── THE DATA

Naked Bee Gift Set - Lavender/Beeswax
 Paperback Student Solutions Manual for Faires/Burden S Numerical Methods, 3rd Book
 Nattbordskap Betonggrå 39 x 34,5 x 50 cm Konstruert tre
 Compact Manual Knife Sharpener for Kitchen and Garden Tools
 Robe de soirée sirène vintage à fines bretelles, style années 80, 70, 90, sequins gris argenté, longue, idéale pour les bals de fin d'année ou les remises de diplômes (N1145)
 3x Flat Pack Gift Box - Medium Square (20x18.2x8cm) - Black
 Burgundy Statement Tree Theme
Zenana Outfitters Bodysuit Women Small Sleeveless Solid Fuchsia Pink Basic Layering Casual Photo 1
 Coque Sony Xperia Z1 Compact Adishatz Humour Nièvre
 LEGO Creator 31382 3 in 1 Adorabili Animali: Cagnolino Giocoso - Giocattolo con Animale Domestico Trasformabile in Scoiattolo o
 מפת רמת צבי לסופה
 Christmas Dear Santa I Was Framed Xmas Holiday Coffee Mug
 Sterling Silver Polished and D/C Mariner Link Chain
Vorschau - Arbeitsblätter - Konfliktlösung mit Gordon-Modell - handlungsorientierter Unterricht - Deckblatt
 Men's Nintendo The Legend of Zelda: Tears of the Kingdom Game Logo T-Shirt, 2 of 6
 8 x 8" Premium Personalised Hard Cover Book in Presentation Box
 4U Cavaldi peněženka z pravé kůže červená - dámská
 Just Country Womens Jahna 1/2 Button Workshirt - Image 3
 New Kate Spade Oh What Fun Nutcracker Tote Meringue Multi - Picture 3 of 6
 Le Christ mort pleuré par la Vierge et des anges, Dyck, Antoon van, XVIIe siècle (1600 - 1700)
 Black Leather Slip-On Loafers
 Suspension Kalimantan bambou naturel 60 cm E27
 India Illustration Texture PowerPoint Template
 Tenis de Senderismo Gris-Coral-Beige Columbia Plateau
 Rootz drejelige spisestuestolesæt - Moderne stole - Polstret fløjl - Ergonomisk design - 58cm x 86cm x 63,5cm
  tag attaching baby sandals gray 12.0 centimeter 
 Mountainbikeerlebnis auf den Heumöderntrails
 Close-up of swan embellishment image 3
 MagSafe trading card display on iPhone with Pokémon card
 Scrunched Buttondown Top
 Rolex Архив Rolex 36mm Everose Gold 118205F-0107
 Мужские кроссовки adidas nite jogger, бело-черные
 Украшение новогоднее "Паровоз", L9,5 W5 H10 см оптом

────

## EXERCISE DIRECTIONS
For the word "Gift", tally the lines above that hold it and answer with the number alone.

## RESPONSE TO THIS TASK
2